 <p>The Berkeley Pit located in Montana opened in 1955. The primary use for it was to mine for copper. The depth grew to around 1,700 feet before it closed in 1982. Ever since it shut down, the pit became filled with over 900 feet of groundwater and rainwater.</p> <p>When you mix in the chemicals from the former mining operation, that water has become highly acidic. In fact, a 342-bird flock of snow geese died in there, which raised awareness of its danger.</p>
========
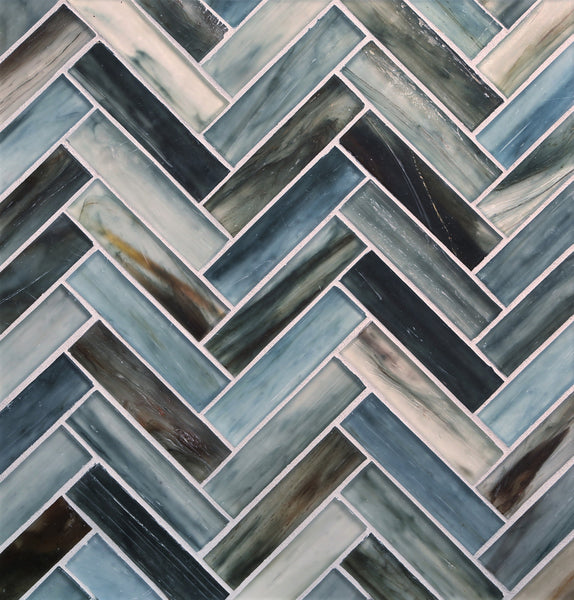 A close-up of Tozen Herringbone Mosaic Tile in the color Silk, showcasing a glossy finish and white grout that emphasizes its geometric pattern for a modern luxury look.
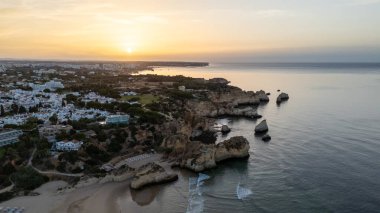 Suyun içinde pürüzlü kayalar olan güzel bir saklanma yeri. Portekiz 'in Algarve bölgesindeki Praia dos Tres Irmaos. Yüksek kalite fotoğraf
========
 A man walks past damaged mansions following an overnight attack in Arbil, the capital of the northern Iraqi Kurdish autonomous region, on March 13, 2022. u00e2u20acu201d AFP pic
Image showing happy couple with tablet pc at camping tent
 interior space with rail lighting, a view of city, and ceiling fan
========
→ **PROBLEM TO SOLVE**: Retype, in the same exact form, the lines of the material above from the line holding "Image showing happy" through the line holding "interior space with".

→ **ANSWER TO THE EXERCISE**:
Image showing happy couple with tablet pc at camping tent
 interior space with rail lighting, a view of city, and ceiling fan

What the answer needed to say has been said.